How much more gravitational pull does the moon have then an ear ring on an ear?

[D H]

If I haven't made any errors, I get a factor of up to about 680 times, depending on where you are on Earth.

Looks good! I get a factor of 688 when the Moon is straight overhead, half that at moonrise/moonset.

 

[Tortise]

Gravity follows an inverse square law. Tidal effects do not. They follow an inverse cube law

The origional question is not of tidal force, but which is applying more force on the ear. If on a much bigger planet, or the sun - it wouldn't matter in the calculation of which was applying more force: a satellite the same average distance (from the ear) and mass of the moon, or the ear ring on the ear.
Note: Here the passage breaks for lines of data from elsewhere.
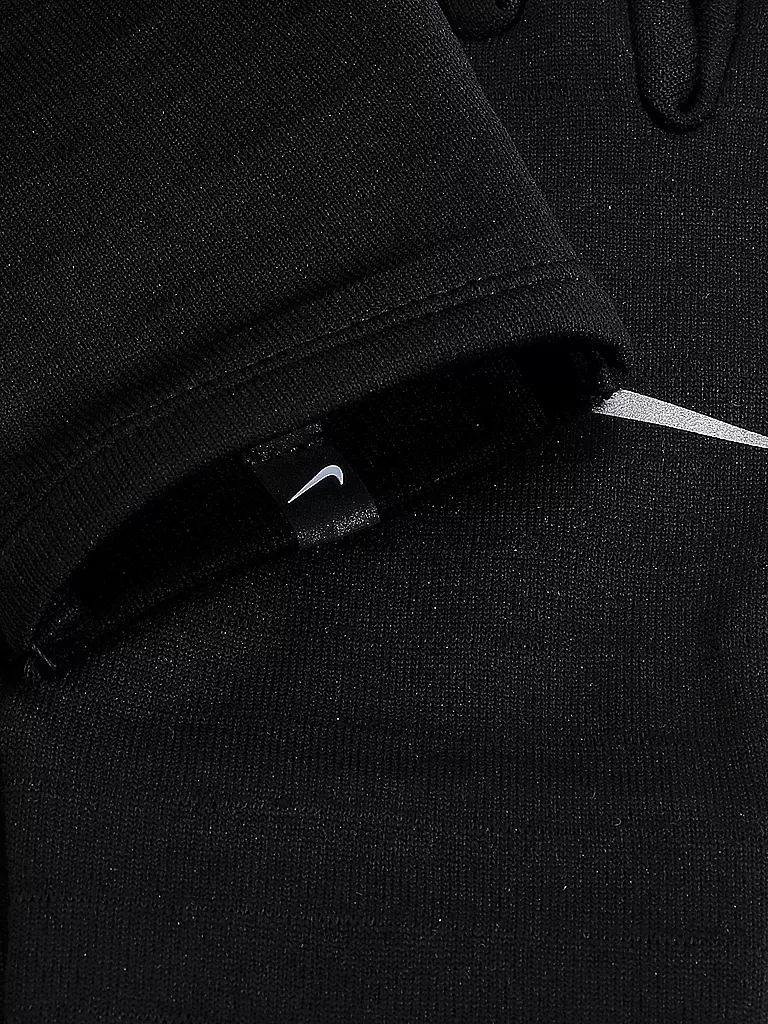 NIKE | Guanti da running da uomo Sphere 4.0 | Nero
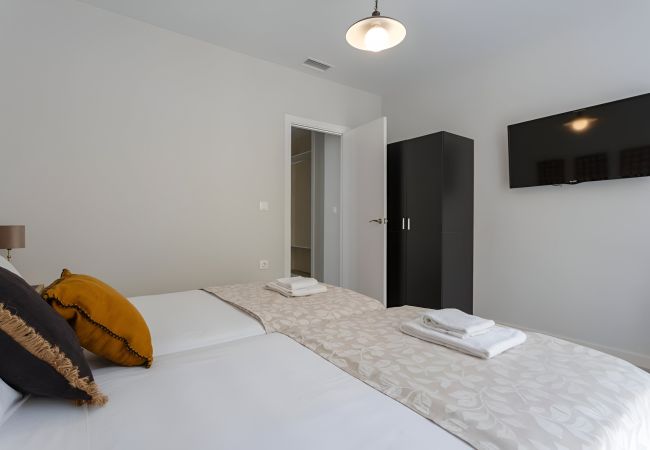 Apartamento en Cádiz - Apartamento San Jose Grupo AC Gestion Apartamento en Cádiz - Apartamento San Jose Grupo AC Gestion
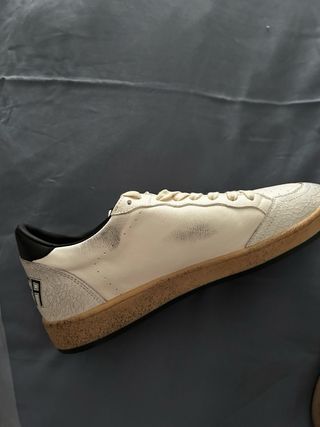 Zapatillas Golden Goose Ball Star Talla 42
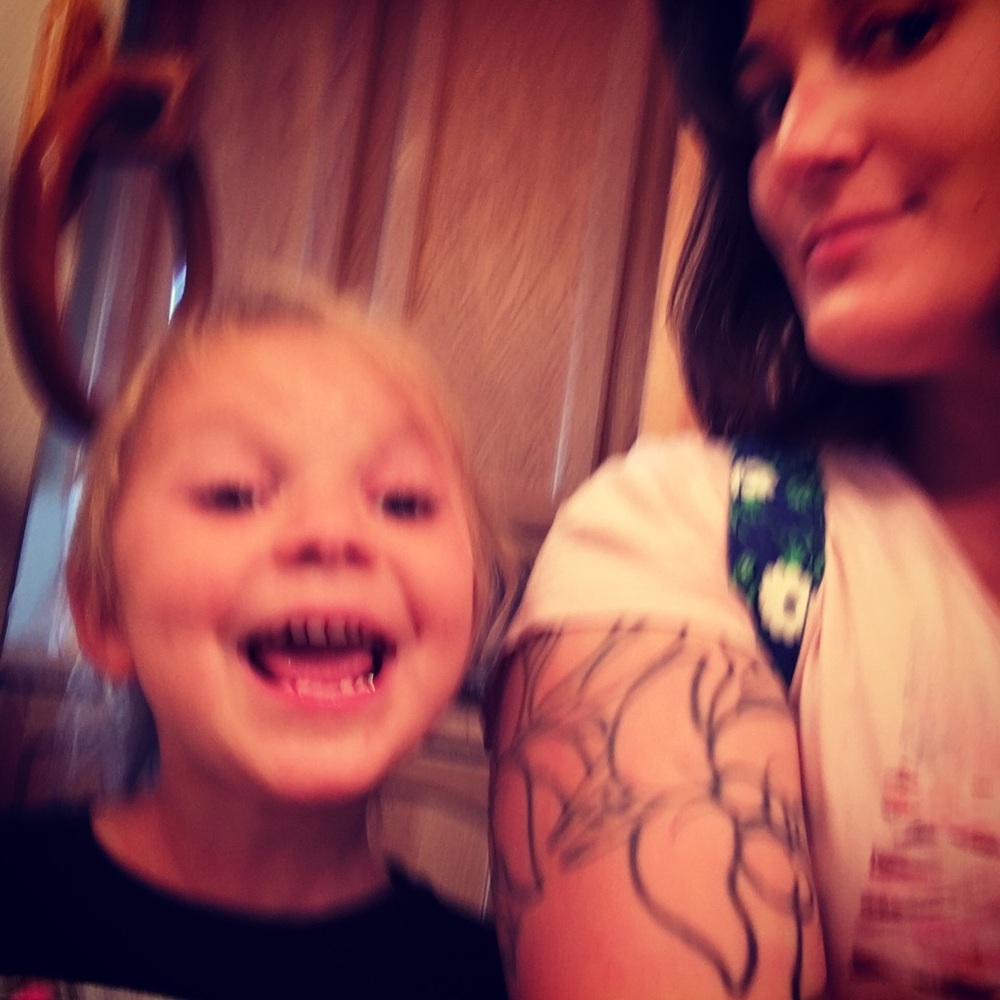 Meet your Posher, Bobbi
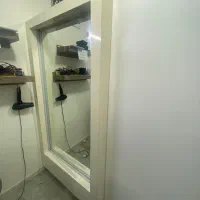 آیینه قدی ام دی اف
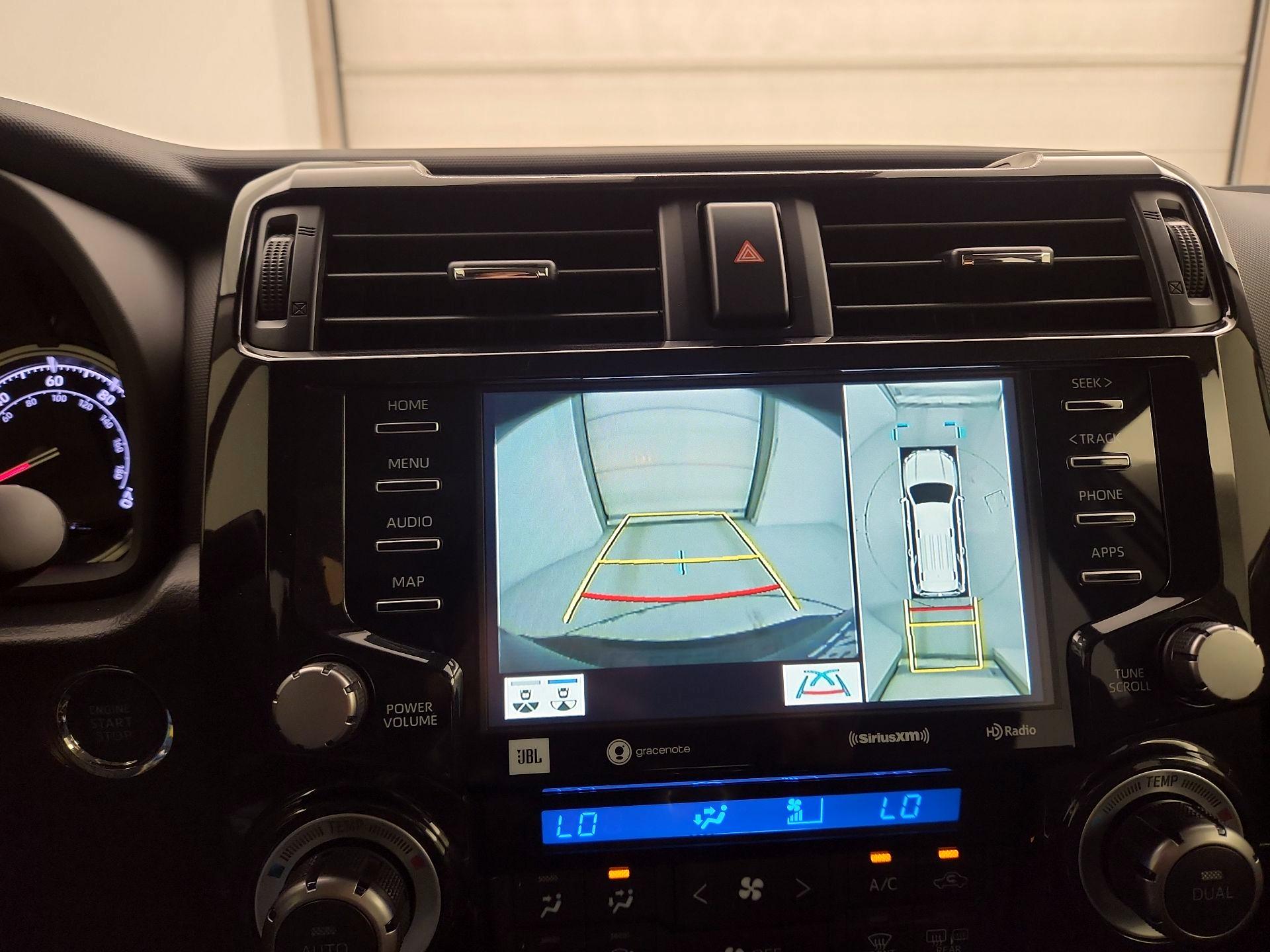 Thumbnail: 2024 Toyota 4Runner - 15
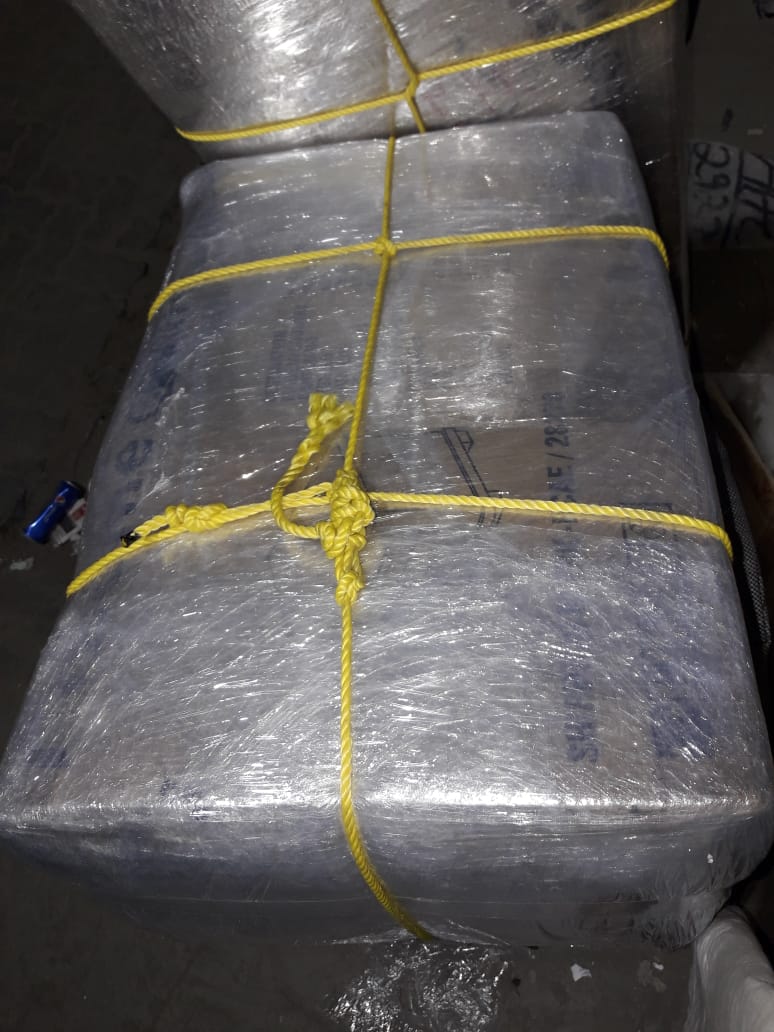 Cargo to Pakistan Door to Door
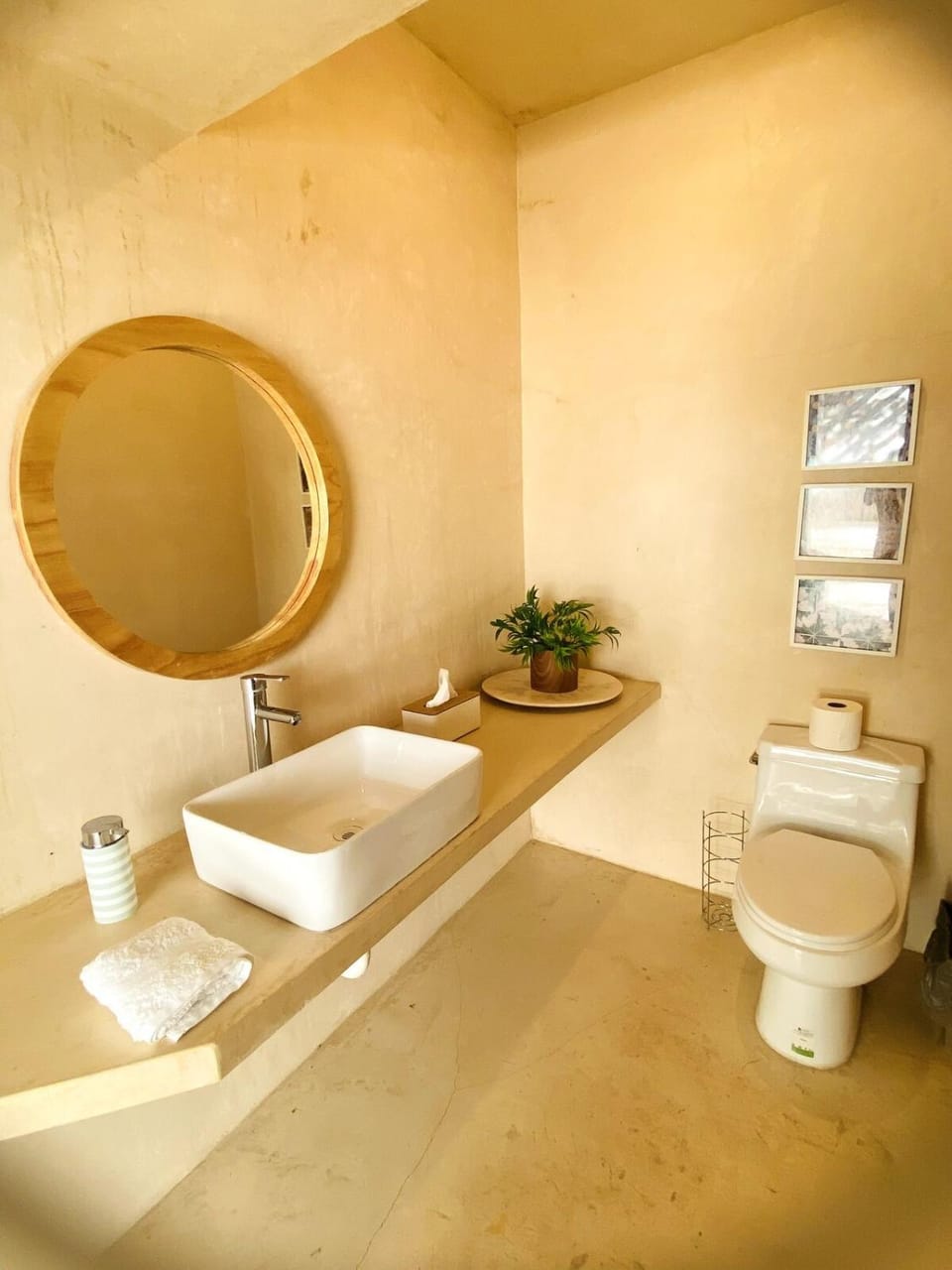 Casa Alamo Villa in Merida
If you take a sec. and think about it, I'm sure you can't help but to see this. But I see the point you are trying to make.

 

[D H]

The origional question is not of tidal force, but which is applying more force on the ear. If on a much bigger planet, or the sun - it wouldn't matter in the calculation of which was applying more force: a satellite the same average distance (from the ear) and mass of the moon, or the ear ring on the ear. If you take a sec. and think about it, I'm sure you can't help but to see this. But I see the point you are trying to make.

The orginal question was poorly worded. Clearly, one way to interpret the question is to look at the net forces on the ear with only with moon present versus with only the earing present.